Information given section start

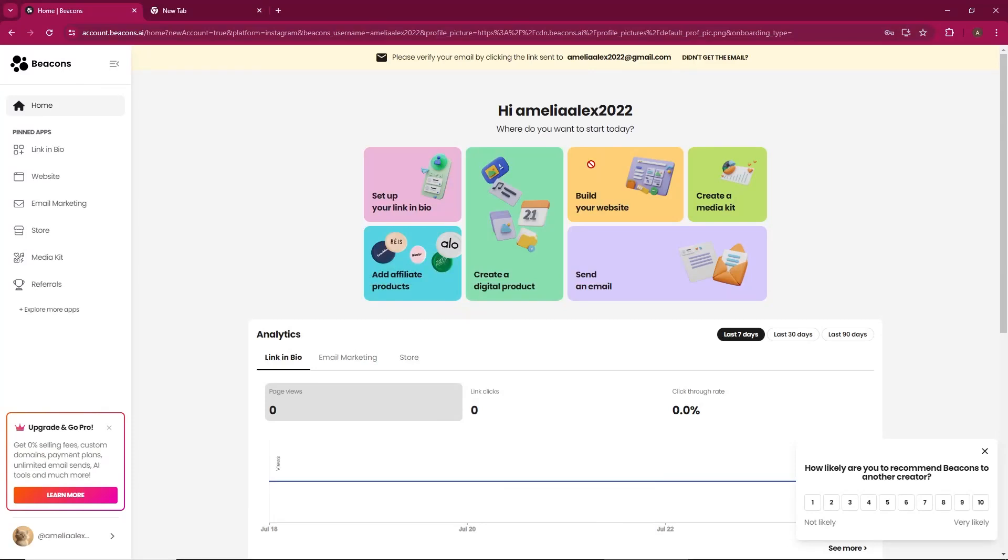In this video, I'll guide you through turning off auto-renewal for your Beacons domain. If you've purchased a premium plan with Beacons, you receive a free domain. Here's how you can disable auto-renewal.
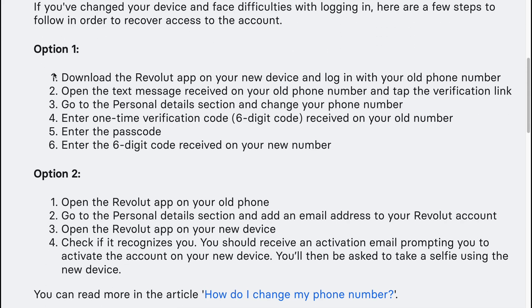The first option is to download the Revolut app on your new device and log in with your old phone number. Open the text message received on your old phone number and tap the verification link, then go to the personal details section and change your phone number.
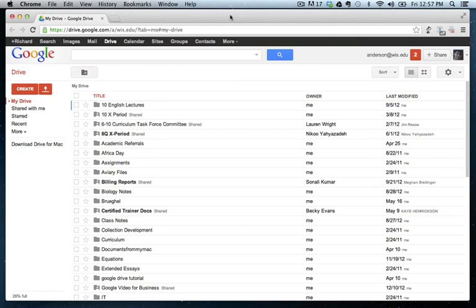Greetings faculty and welcome to another WIS technology tutorial. Today's tutorial is a follow-up to my previous video regarding using Google Forms on the iPad to collect student work.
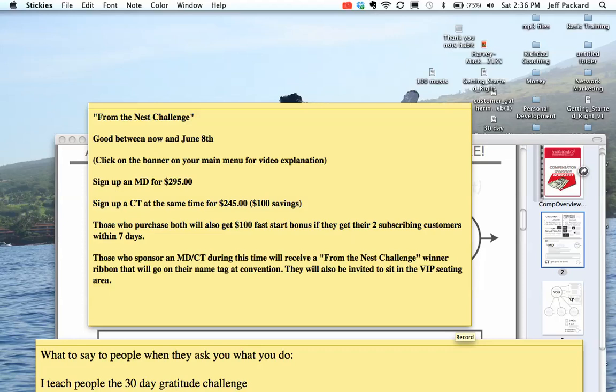Hey guys, this is Jackard. I just got a quick email from Cody Bateman. It's called From the Nest Challenge. This challenge is good between now and June 8th. This allows us to make even more money with our SendOutCards business. You can click on the banner on your main menu for a video explanation.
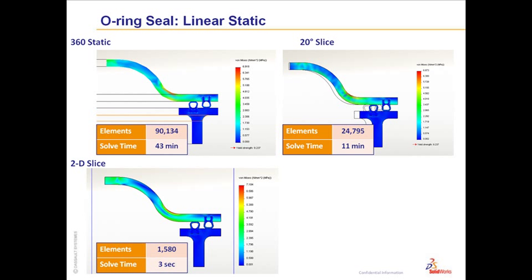Running it as a 2D problem, if we chose not to use the mesh refinement that we did a second ago, you can see it will run in just 3 seconds.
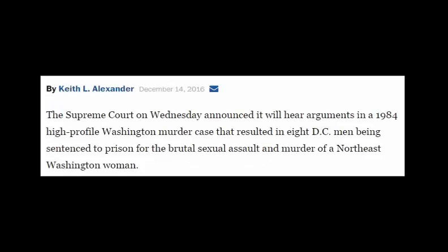This is a story from the Washington Post from December of 2016, discussing a Supreme Court case that the Supreme Court has decided to take back up and review. This is a high-profile murder case from Washington, D.C. in 1984, where eight men were sentenced for the brutal sexual assault and murder of a woman in northeastern Washington, D.C. Let's do a little bit of history.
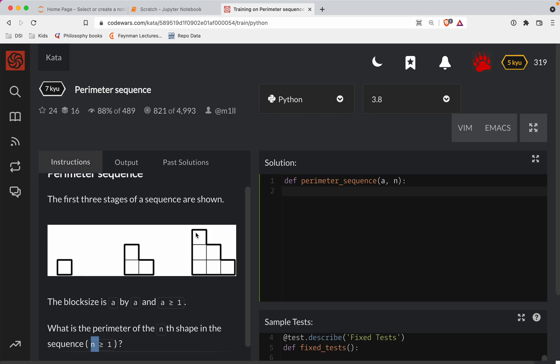So if this is the third one that we have to do—in other words, if N is 3 and let's say A is 1—then that's going to be 1, 2, 3, 4, 5, 6, 7, 8, 9, 10, 11, 12. So it's as if you were just doing the area of a square.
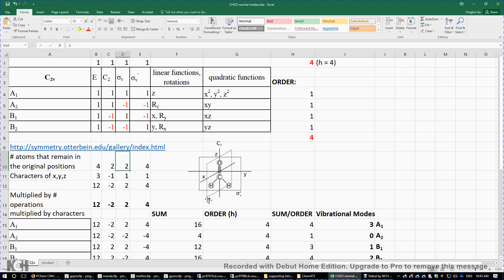For σv, this plane contains the carbon and oxygen atoms, so these two atoms remain in their original positions after the reflection about σv — we put two here. For σv', this plane contains all four atoms, so a reflection with respect to σv' leaves all four atoms in their original positions, so we put four here.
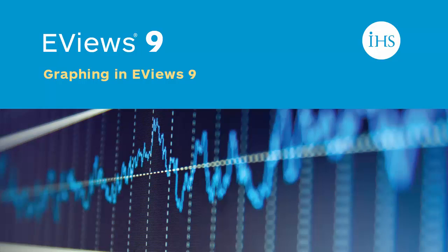eViews 9 adds a variety of new graphing features, and we're going to demonstrate a few of them in this video. eViews has always offered a vast range of custom options for its graphs, but there are always more features that can be added.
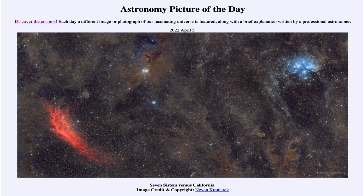Greetings and welcome to the introduction to astronomy. One of the things that I like to do in each of my introductory astronomy classes is to begin the class with the Astronomy Picture of the Day from the NASA website — that is apod.nasa.gov/apod — and today's picture for April 5th of 2022 is titled 'Seven Sisters versus California.'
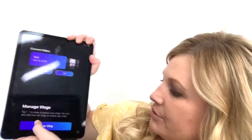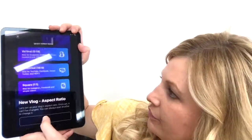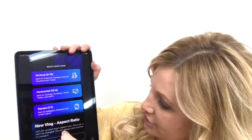If you just first downloaded VlogEasy, you need to make sure that you give it access to your microphone, your photos, your camera — there are several things you're going to have to do when you open the app. Go to New Vlog.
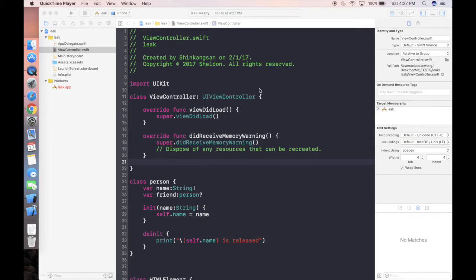Here we are at Xcode. Before we start writing some code, first we need to understand what a memory leak is. Memory leak is not just a fancy word. It is when we store or create something in our memory and if we don't release it properly, that variable or property will hang in the memory. This happened a lot during the MRC generation, which is before iOS 5, where we used MRC — manual reference counting — and had to release objects step by step.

Information given section end

--- What to produce ---
Every line of the data should be transcribed exactly. Omit the images.

--- Written answer ---
In this video, I'll guide you through turning off auto-renewal for your Beacons domain. If you've purchased a premium plan with Beacons, you receive a free domain. Here's how you can disable auto-renewal.
The first option is to download the Revolut app on your new device and log in with your old phone number. Open the text message received on your old phone number and tap the verification link, then go to the personal details section and change your phone number.
Greetings faculty and welcome to another WIS technology tutorial. Today's tutorial is a follow-up to my previous video regarding using Google Forms on the iPad to collect student work.
Hey guys, this is Jackard. I just got a quick email from Cody Bateman. It's called From the Nest Challenge. This challenge is good between now and June 8th. This allows us to make even more money with our SendOutCards business. You can click on the banner on your main menu for a video explanation.
Running it as a 2D problem, if we chose not to use the mesh refinement that we did a second ago, you can see it will run in just 3 seconds.
This is a story from the Washington Post from December of 2016, discussing a Supreme Court case that the Supreme Court has decided to take back up and review. This is a high-profile murder case from Washington, D.C. in 1984, where eight men were sentenced for the brutal sexual assault and murder of a woman in northeastern Washington, D.C. Let's do a little bit of history.
So if this is the third one that we have to do—in other words, if N is 3 and let's say A is 1—then that's going to be 1, 2, 3, 4, 5, 6, 7, 8, 9, 10, 11, 12. So it's as if you were just doing the area of a square.
For σv, this plane contains the carbon and oxygen atoms, so these two atoms remain in their original positions after the reflection about σv — we put two here. For σv', this plane contains all four atoms, so a reflection with respect to σv' leaves all four atoms in their original positions, so we put four here.
eViews 9 adds a variety of new graphing features, and we're going to demonstrate a few of them in this video. eViews has always offered a vast range of custom options for its graphs, but there are always more features that can be added.
Greetings and welcome to the introduction to astronomy. One of the things that I like to do in each of my introductory astronomy classes is to begin the class with the Astronomy Picture of the Day from the NASA website — that is apod.nasa.gov/apod — and today's picture for April 5th of 2022 is titled 'Seven Sisters versus California.'
If you just first downloaded VlogEasy, you need to make sure that you give it access to your microphone, your photos, your camera — there are several things you're going to have to do when you open the app. Go to New Vlog.
Here we are at Xcode. Before we start writing some code, first we need to understand what a memory leak is. Memory leak is not just a fancy word. It is when we store or create something in our memory and if we don't release it properly, that variable or property will hang in the memory. This happened a lot during the MRC generation, which is before iOS 5, where we used MRC — manual reference counting — and had to release objects step by step.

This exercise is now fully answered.